CI/CD Integration for Spatial Data

Automating the generation, validation, and promotion of synthetic spatial datasets demands a disciplined continuous-integration and continuous-delivery strategy that treats geometry as a first-class, machine-enforceable contract. This page extends Synthetic Spatial Data Architecture & Fundamentals, applying its deterministic-generation and spatial-contract principles to the pipeline layer where commits become published artifacts. Unlike tabular pipelines, spatial workflows must enforce coordinate reference system consistency, topological integrity, and statistical fidelity at every commit — and they must do so in containers that pin the exact geospatial stack, because a single unpinned library can silently rewrite every coordinate that flows through it.

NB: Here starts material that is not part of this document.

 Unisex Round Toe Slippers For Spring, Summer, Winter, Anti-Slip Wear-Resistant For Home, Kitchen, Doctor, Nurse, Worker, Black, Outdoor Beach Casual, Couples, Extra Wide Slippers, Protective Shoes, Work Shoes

Problem Framing: Failures That Pass Schema But Corrupt Geometry

The defining hazard of spatial CI/CD is the silent failure. A tabular pipeline that breaks usually throws: a type mismatch, a null where a value was required, a row count that collapses to zero. Spatial pipelines fail differently. A subtle coordinate reference system drift — a runner that falls back to an implicit EPSG:4326 because PROJ_LIB was never set — produces a dataset that is perfectly well-formed JSON, passes every column-level schema assertion, and is geometrically wrong by hundreds of metres. The error only surfaces three stages downstream, when a spatial join returns zero matches or an ML feature store ingests misaligned rasters.

The second class of silent failure is topological: generators emit self-intersecting rings, inverted winding order, or sliver polygons a few microns wide. These geometries serialize cleanly and may even render, but ST_Area returns negative values, buffering explodes the vertex count, and tessellation aggregations leak across boundaries. A spatial CI gate exists to convert these silent corruptions into loud, blocking failures before an artifact is promoted. The three failures this page is built to stop are CRS drift, topology violation, and statistical degradation — each caught by its own gate, each a hard stop.

Prerequisites & Toolchain

Spatial CI is reproducible only when the geospatial stack is pinned to exact versions and executed inside a container image that is itself version-tagged. The “works on my machine” failure mode is not a developer inconvenience here — it is a correctness bug, because GDAL and PROJ carry the projection database that defines what a coordinate means.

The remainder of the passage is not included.